After Chen Kenmin’s modifications, mapo tofu became highly popular, and to this day, it is among the top three favourite Chinese dishes for the Japanese. Alongside mapo tofu, two other Sichuan dishes, Qingjiao Rousi (stir-fried pork with green peppers) and Huiguo Rou (twice-cooked pork), are also widely loved.
The biggest contribution of Qingjiao Rousi lies in dispelling the Japanese aversion to green peppers. Japanese people had a dislike for green peppers, which even became a common gag in anime (such as in ‘Crayon Shin-chan’).

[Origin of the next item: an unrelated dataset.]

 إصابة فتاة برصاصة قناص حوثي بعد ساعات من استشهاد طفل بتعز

As for Huiguo Rou, the authentic recipe calls for garlic sprouts, but it is difficult to find them in Japan, while cabbage is abundant. Therefore, Japanese-style Huiguo Rou replaces garlic sprouts with cabbage, which is similar to Sichuan’s Lianbai Huiguo, but with leaner meat and a milder flavour to cater to the local preference for lighter tastes. The final result is a dish of cabbage and stir-fried pork slices.

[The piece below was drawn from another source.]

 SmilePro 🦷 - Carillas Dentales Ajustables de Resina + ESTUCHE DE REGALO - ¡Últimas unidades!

Besides these above dishes, there is another Sichuan noodle dish that is also loved by the Japanese, and that is Dandan noodles. Most Japanese can only tolerate mild spiciness, but even a small amount of chilli and Sichuan peppercorns can make them sweat and thoroughly enjoy the dish.

Once again, Chef Chen Kenmin introduced a modified version of Dan Dan noodles to cater to Japanese tastes. The traditional small bowl used in Sichuan was replaced with a larger bowl typically used for ramen, and the soup base was made by mixing sesame paste with a small amount of chilli oil, reducing the spiciness. Now, there are variations such as soupless Dan Dan noodles and cold-tossed Dan Dan noodles in Japan.

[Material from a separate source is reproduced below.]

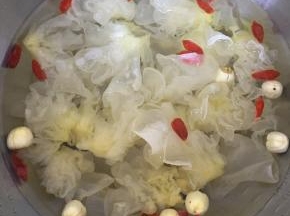 将银耳，莲子和枸杞子放入锅中，加入足量清水。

Japanese cuisine has a mild flavour meaning less oil and less spiciness, but in terms of texture, they enjoy rich and thick flavours. Therefore, dishes with sauce or soup are typically thickened with starch.
For example, Gan Shao Xia Ren (dry-fried shrimp) is a classic dish in Chinese restaurants, and it was ‘recreated’ by Chen Kenmin based on Sichuan-style dry-fried shrimp but adapted to Japanese tastes. Since Japanese people are not accustomed to doubanjiang (broad bean chilli paste), a significant amount of tomato sauce is added to balance the spiciness.

Another dish worth mentioning is Tianjin Rice, also known as Crab Roe Donburi. Fans of anime might think of ‘Dragon Ball’ when hearing about it, which shows the Japanese people’s love for this dish. Since they used the horseshoe crab from Tianjin, they named it Tianjin Rice. it is also very popular because it suits the Japanese taste for eggs.
Moreover, three staple foods dominate the world of Chinese cuisine in Japan: ramen, dumplings, and fried rice. At dumpling speciality shops, you can find dumplings served with rice, and at ramen shops, there are combos with dumplings and ramen. When they mention dumplings, they generally refer to pan-fried dumplings.

When walking on the streets of Japan, you will notice two types of signs: Japanese Chinese cuisine and Chinese cuisine. Although there is no clear distinction between them, the ones labelled Chinese cuisine is more likely to be more authentic, with the owners or chefs possibly being Chinese, while Japanese Chinese cuisine represents Japanese-modified Chinese cuisine.